Mi ero dunque prefissato di non ascoltare "Sol Invictus" fino al giorno della data di uscita ufficiale, il 19 Maggio. 11 Maggio: "Sol Invictus disponibile in streaming su NME". Fanculo. E così il mio buon proposito sfumò. Ripetute volte. Anche lo stesso giorno. Poi, giunto finalmente il 19 Maggio, mi vedo recapitata la copia fisica e la ascolto. 20 volte, ad oggi. Lo sto ascoltando anche ora, in realtà. 21. La prima cosa che salta subito all'orecchio in questo lavoro è la totale mancanza di un ruolo di rilievo da parte di Jon Hudson (eccezion fatta per "Cone of Shame"). La parte principale viene infatti più spesso delineata dalle tastiere di Bottum (su questo lavoro in formissima, probabilmente come mai prima d'ora) e dal basso di Gould, lasciando difatti a Jon Hudson un ruolo quasi prettamente ritmico. Quest'ultimo però, seppur si possa anche notare quanto non abbia contribuito per un cazzo alla scrittura di "Sol Invictus"(mentre nel precedente "Album of the Year" aveva collaborato alla stesura di qualche brano), conferma di essere un chitarrista piuttosto versatile, mostrando la sua abilità nel destreggiarsi con riff funky, hardcore, pop, country, rock, folk, metal pur mancando del carisma di un Martin o della perizia tecnica di uno Spruance (che a mio avviso rimane il miglior chitarrista che abbia mai lavorato nel gruppo di Gould).
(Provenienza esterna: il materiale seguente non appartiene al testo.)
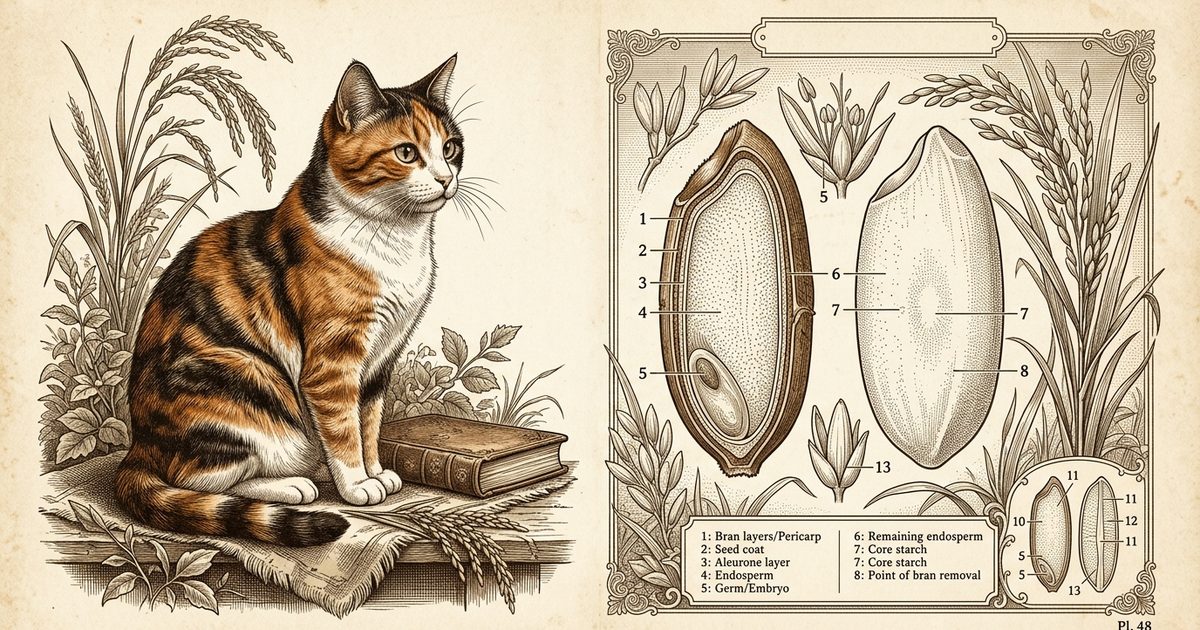 A calico cat with distinct patches of orange, black, and white fur beside a vintage botanical-plate engraving comparing a milled white rice grain and a whole brown rice grain with bran intact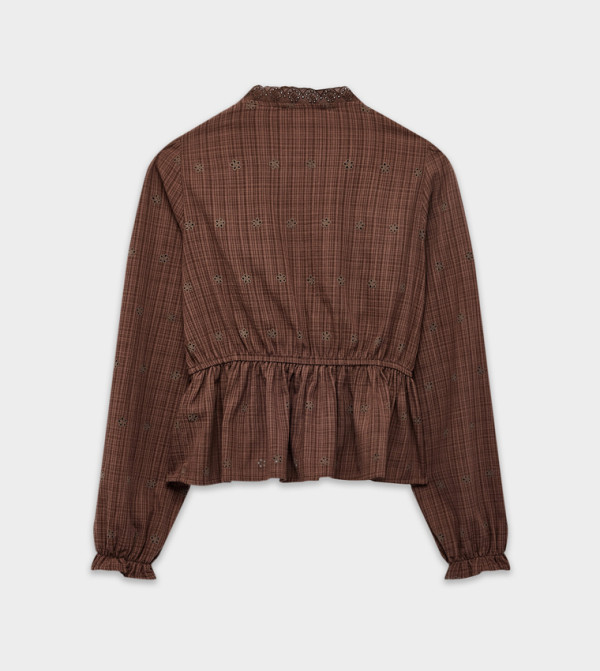 كوتون  micro-checks - بني  Cropped Tops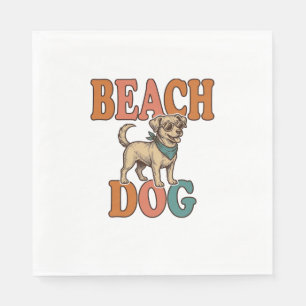 Strandhond Vintage Gravure Grafisch Ontwerp_1 Servet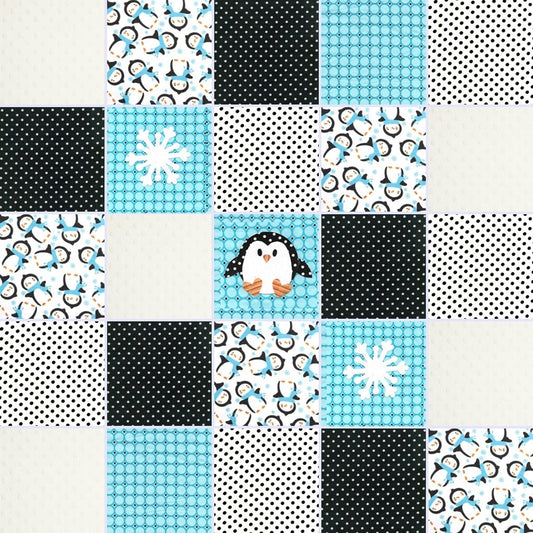 Pre CUT Rag Quilt kit ~ Winter Penguin and snowflakes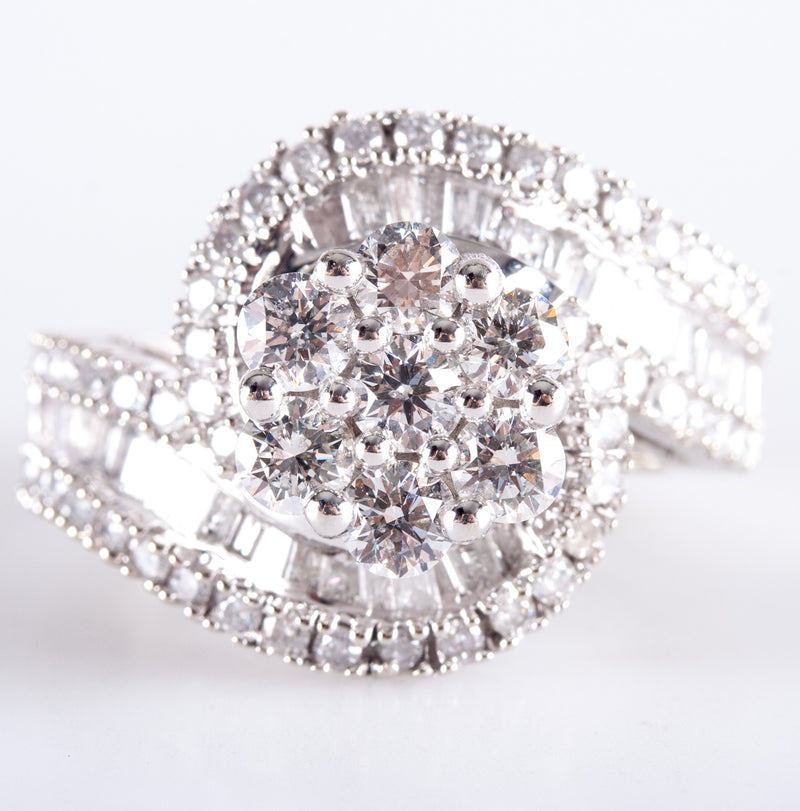 10k White Gold Round Baguette Diamond Cluster Cocktail Style Ring 1.98ctw 7.95g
Altra cosa che si nota sin dal primo ascolto: "Cone of Shame". Probabilmente una delle migliori canzoni mai apparse su un album dei Faith No More. Circa due minuti di introduzione di chitarra dal sapore retrò accompagnata dalla ritmica marziale del sempre allucinante Mike Bordin e poi l'esplosione. "I'd like to peel your skin oooooooooooooff!" urla un Mike Patton incazzatissimo su di un tappeto ritmico delirante che avvia la canzone verso una conclusione in cui la chitarra di Hudson viaggia a metà fra i Fantômas e le colonne sonore degli spaghetti western. E il resto dell'album non è da meno. Infatti "Matador" e "Sol Invictus" (quest'ultima title e opening-track, dall'incedere lento e riflessivo, che si discosta molto dalle tracce che solitamente aprono i lavori dei cinque) sono capolavori, almeno altre quattro canzoni sono degne di nota e soprattutto, cosa assai rara, nessuna traccia incita allo skip. A questo punto penso che dovreste già essere su NME (o su qualunque altro sito sia attualmente in streaming) ad ascoltare quest'opera (d'arte? probabilmente sì). E ricordate! PRIM..ehm...FAITH NO MORE SUCKS!
Post scriptum: il mio voto è 4/5 perché la copertina fa cagare. Alquanto.